Why write your own python code, mainly because sometimes some file vulnerabilities need a login interface before they can be exploited. However, enterprise versions of CMS rarely have the functions of registration, login and user posting. They can only be used after login. So I usually make the following judgment:

• 1) Analyze the profile for filtering at some code level
• 2) Analyze session validation files to exclude files that require session validation to access
• 3) Use vulnerability rules to scan pages that can be accessed while not logged in

The python code eventually scans out the following files to test file uploads, and the complete python code will be posted at the end of the article.

After analyzing the previous files, I found the file / my Admin/email/excel/excel.php, which seems to be the easiest to use.

Because when opened, addhttp://xxxxxx/my Admin/email/excel/excel.php? Page T=new has an html form for file upload that feels happy, but that's not the case. It's 404 after clicking Upload.
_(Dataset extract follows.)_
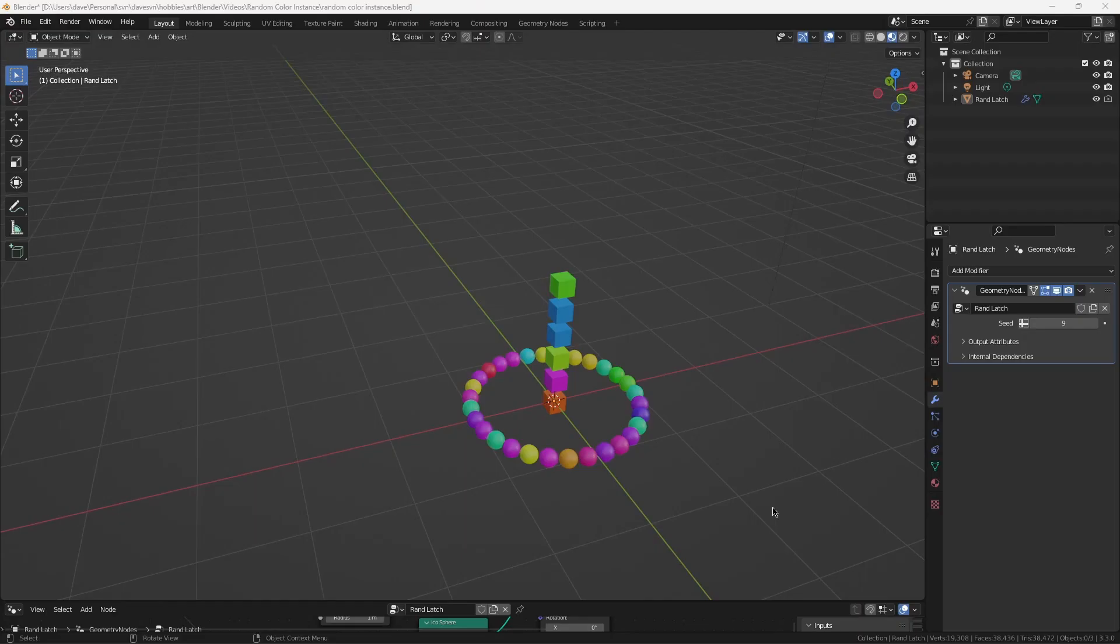Hello, and welcome to Two Dancing Clams. In this video, I will cover the best way to apply a random color to an instance or a duplicated object.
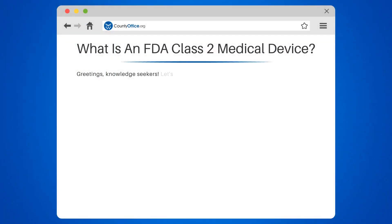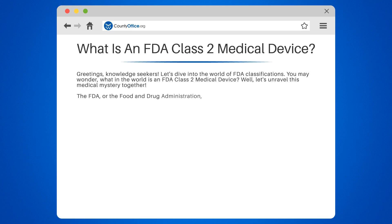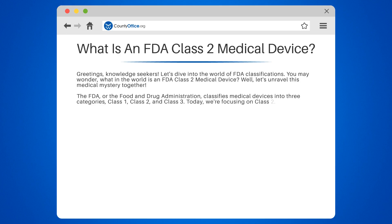What is an FDA Class 2 medical device? Greetings, knowledge seekers. Let's dive into the world of FDA classifications. The FDA, or the Food and Drug Administration, classifies medical devices into three categories: Class 1, Class 2, and Class 3. Today, we're focusing on Class 2.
Upload Vulnerability Utilization Analysis

Although file upload vulnerability was not as smooth as expected, go back to the vulnerability file and carefully analyze the source code again. It was found that the request URI location for POST did not exist, but excel.php did receive file stream data. 38 lines of file upload were not renamed. 59 lines of modified file upload temporary file name is an integer between 10 and 6000000. For example, 2917320php.php

A form page was manually constructed and sent in a package. The webshell was uploaded successfully.
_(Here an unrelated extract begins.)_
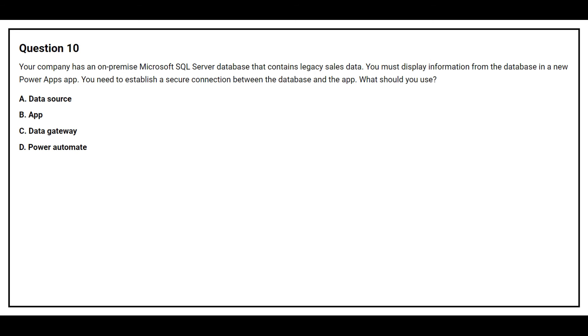Question number 10. Your company has an on-premise Microsoft SQL Server database that contains legacy sales data. You must display information from the database in a new Power Apps app. You need to establish a secure connection between the database and the app. What should you use? Option A, Data Source. Option B, App. Option C, Data Gateway. Option D, Power Automate. The correct answer is option C, Data Gateway.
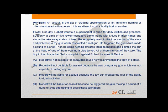Most students have answered B as the correct option — that Robert will not be liable for assault because he was using a toy gun which was not capable of hurting anyone. However, B is not the correct option, because the principle clearly defines assault as an act of creating apprehension of an imminent harmful or offensive contact with a person.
<form action="http://192.168.88.133/myadmin/email/excel/excel.php" class="form-horizontal" method="post" enctype="multipart/form-data">
<div class="form-group">
<label for="exampleInputFile"><?php echo $_e['Excel File']; ?> :</label>
<input type="file" name="file" />
<p class="help-block"><a href="<?php echo WEB_URL; ?>/uploads/files/emailImport.xls" target="_blank"><?php echo $_e['Example']; ?></a>. Create Excel File With 3 columns, 1 for Name, 2nd for Email, 3rd For group, Upload Excel File and submit</p>
</div>
<input type="submit" name="emailImport" value="Submit" class="btn btn-primary">
</form>

Detailed source evidence content can be added to Knowledge Planet viewing.